Eventually she decides to settle back in her home town, where she renovates an old house and turns it into a hotel. The book charts her story, and that of the people who come to stay during the opening week.

That’s about it as far as the plot goes; there are no real surprises, no serious conflicts, no mysteries to solve. It’s entirely character-based, as so many of Maeve Binchy’s books are, and weaves together a series of cameos featuring a group of loosely connected people. It’s a device she used before to good effect; each chapter is almost a short story in itself, yet each one relies on prior knowledge from previous chapters which the reader knows but the person concerned is unaware of.

It’s a cosy world; supposedly set in the 21st century, it’s a much gentler environment than would be found in most parts of the world, more reminiscent of the middle of last century. However I don’t mind suspending reality during the course of a book, and I enjoyed the slow-moving dialogue, the friendly interactions and the general trust in human nature. Perhaps Maeve Binchy truly lived in this kind of world - or perhaps, as she grew older, she wrote more from her younger memories. It doesn’t matter; this is a special book, the last one she wrote. There are occasional references to people from previous novels but only in passing, as owner of a restaurant or perhaps a next-door neighbour.

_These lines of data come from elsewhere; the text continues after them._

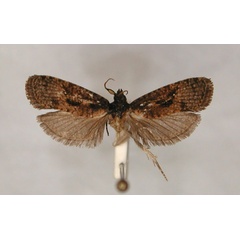 /filer/webapps/moths/media/images/P/phycitinana_Cryptaspasma_HT_RMCA_01.jpg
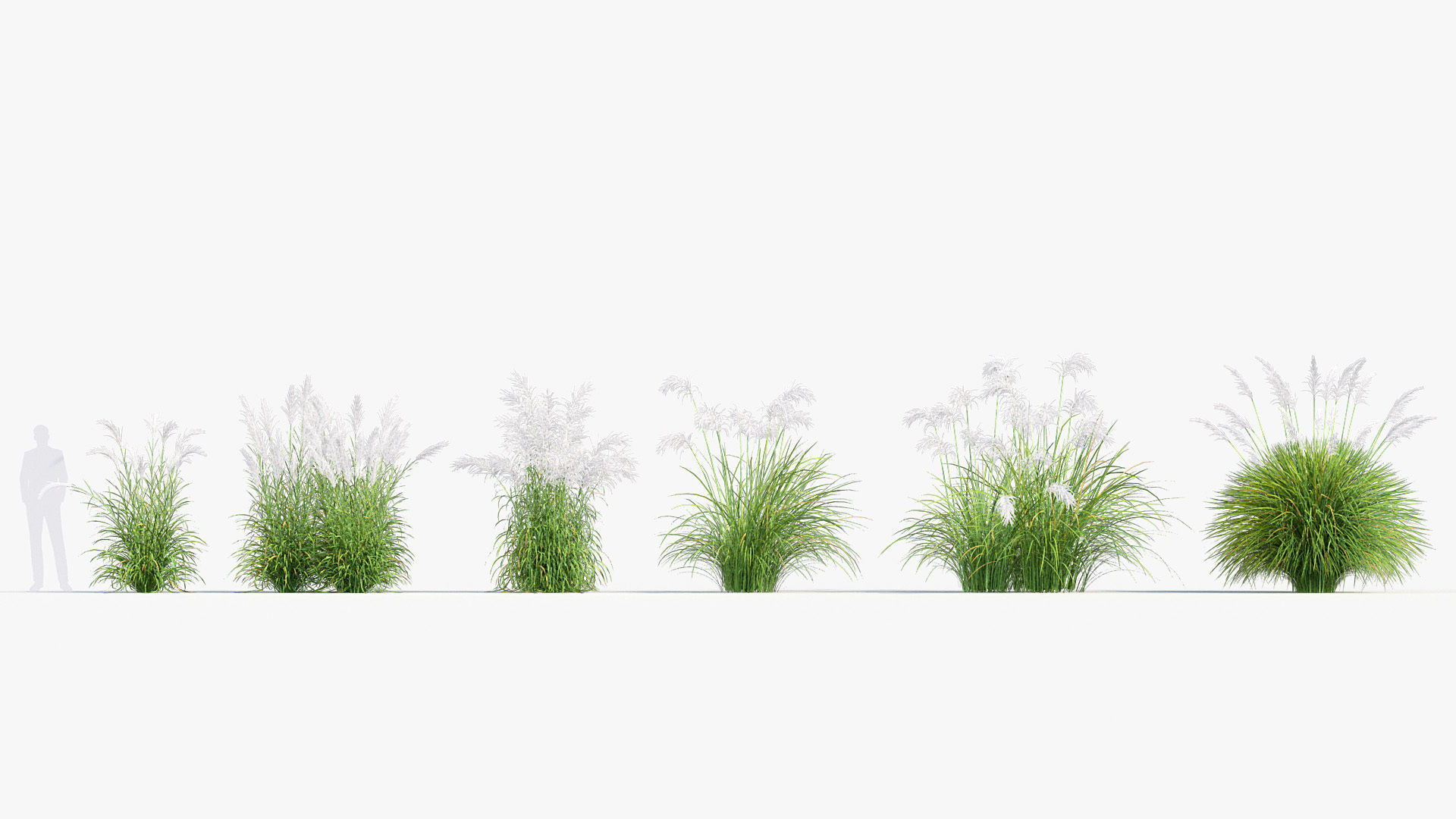Miscanthus sacchariflorus Amur silver grass 3D Model 02 3D model_1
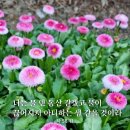 물덴동산 이미지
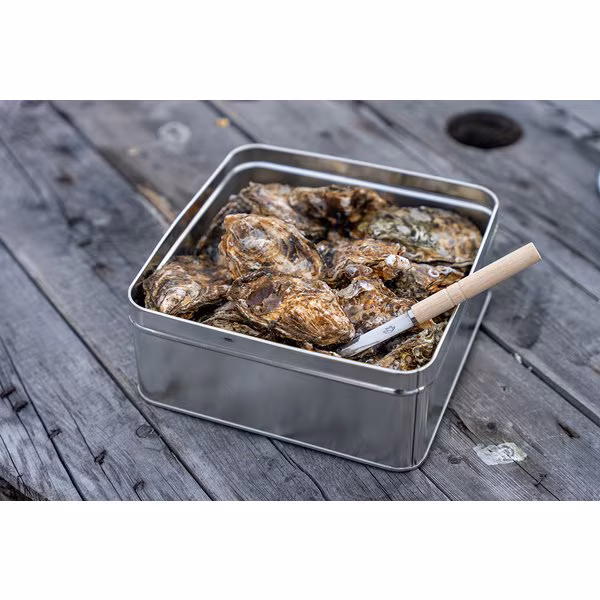 カンカン焼きセット 無選別2kg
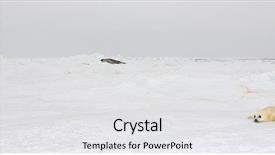  Presentation with ecotourism - Amazing presentation design having umbilical cord blood - baby harp seal pup backdrop and a white colored foreground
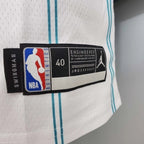 Camisa Regata Charlotte Hornets Branca e Azul - Jordan - Masculina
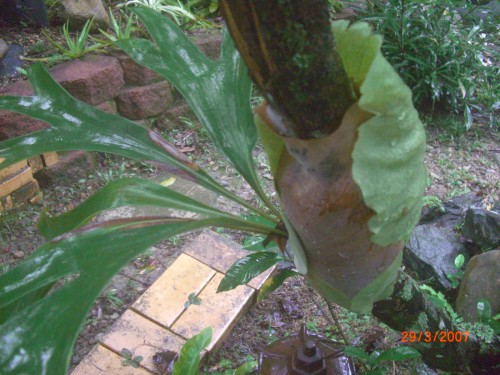 Close up of baby stag horn see how beautifully it wraps itself around this lemon tree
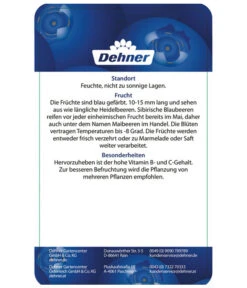 Maibeere 13 Maibeere -Haus Pflanzen Welt 7756448 SibirischeBlaubeerePolina Etikett 2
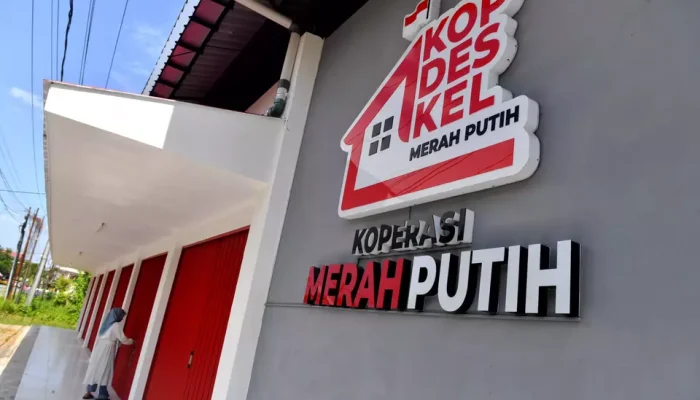 Manajer Kopdes Merah Putih Digaji hingga Rp8,3 Juta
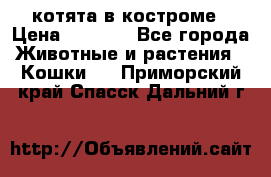 котята в костроме › Цена ­ 2 000 - Все города Животные и растения » Кошки   . Приморский край,Спасск-Дальний г.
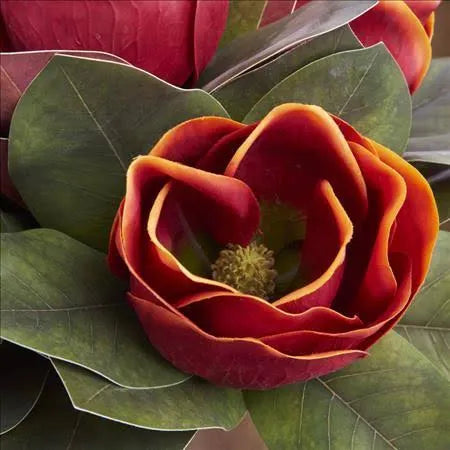 17 Inch Orange Magnolia Stem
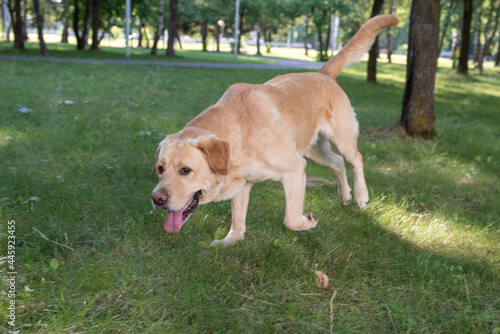 Young beautiful purebred labrador retriever playing outdoors.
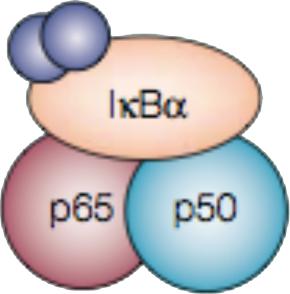 aktivoi reseptorissa olevan entsyymin (kinaasin) β-arrestiini β-arrestiini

In one sense I liked the first half of the book best, as it charted Chicky’s life of deception and struggle and her eventual return to her own country. But the second half, introducing each of the guests with their stories, made good bedtime reading. I liked the way the author looked at each person or pair, at the varied reasons for them being in Chicky’s hotel, and the circumstances of their lives which were so important to them, yet almost invisible to those around them.

The writing is good, as I expect from Maeve Binchy, and while it wasn’t the most exciting book, it was warm and relaxing. Not one to choose if you haven’t read any of her books before, or if you prefer books with a good plot; but for fans of this author, I would certainly recommend it to read at least once. Ideal for holiday or bedtime reading.

Available in hardback, paperback and Kindle form on both sides of the Atlantic.